井上は2回、右ストレートを受けて鼻血。悲劇はラウンド終盤だ。打ち終わりにカウンターの左フックを受け、まさかのダウンを奪われた。試合では人生2度目のダウン。しかし、以降は猛攻だ。7回は右ショート4連発を浴びせ、反撃のダウン。8回にフラフラの相手を攻め立て、レフェリーストップを呼び込んだ。
「僕が殴り合いが好きだということは証明できた」。主人公が序盤の劣勢をはねのけるはドラマのよう。モンスターの描いたシナリオに本場ベガスの客席は燃えた。
2019年11月のノニト・ドネア戦で判定勝ちして以来、11戦連続のKO勝ち。世界戦25試合のうち23KOを生み、25戦連続防衛した元世界ヘビー級王者ジョー・ルイス(米国)の歴代最多記録を77年ぶりに更新した。判定決着はプロキャリア3度のみ。そもそもプロ6戦目以降、25回連続で世界戦しかしていないことが凄まじい。

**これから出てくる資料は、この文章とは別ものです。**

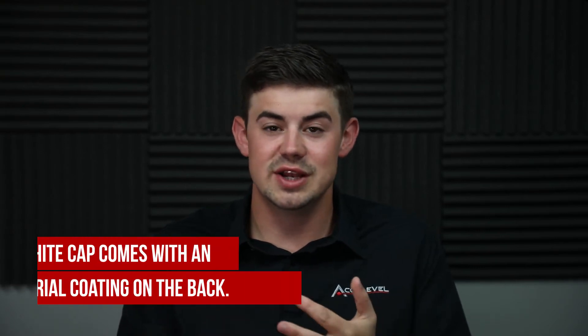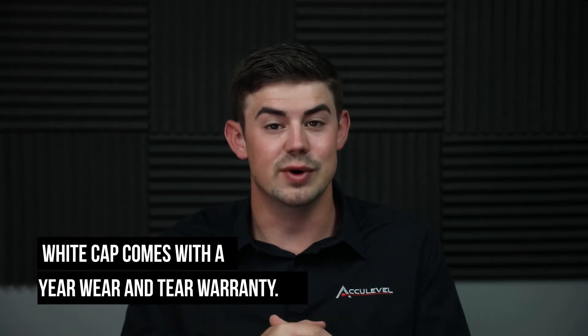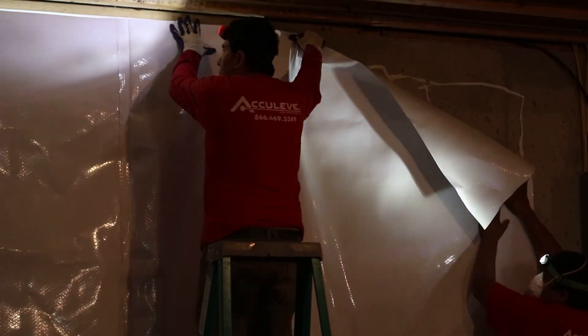It also comes with an antibacterial coating on the back to prevent mold and mildew growth. And with the nylon reinforcement, it gains so much strength that it actually comes with a 25-year wear and tear warranty. So this versus hanging basic plastic on the wall — actual encapsulation plastic is a lot better for moisture prevention.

そんなモンスターがKO勝ちにこだわる転機になった夜がある。
2013年8月25日、プロ4戦目。20歳の井上は日本ライトフライ級王者・田口良一(ワタナベ)に挑戦した。試合1年前のスパーリングでは、3ラウンドでダウンを2度奪った相手。井上がいつ倒すか、それが戦前の予想だった。
しかし、リングで構え合った瞬間に違和感を覚えた。「想定より当てにくい。構えに懐の深さがあった」。王者の巧みなボディーワークにより、パンチが紙一重で当たらない。再三の左フック、ボディーでも倒せなかった。「数センチの差。数センチずれることで、倒せるパンチが倒せないパンチになった」。判定勝ちに終わり、少々不満げな客席に悔しさを味わった。
「プロとして、倒すボクシングを見せなきゃ」
現在までの30戦でダウンすら奪えなかった唯一の試合だ。以降は重心を落とし、よりパンチに力を乗せるスタイルに変貌。多少のリスクを冒しても攻撃重視を貫いた。「自分に求められるのは何なのか。それはわかっている」。あの判定決着から追求を続け、“歴代No.1”のKOアーティストに上り詰めた。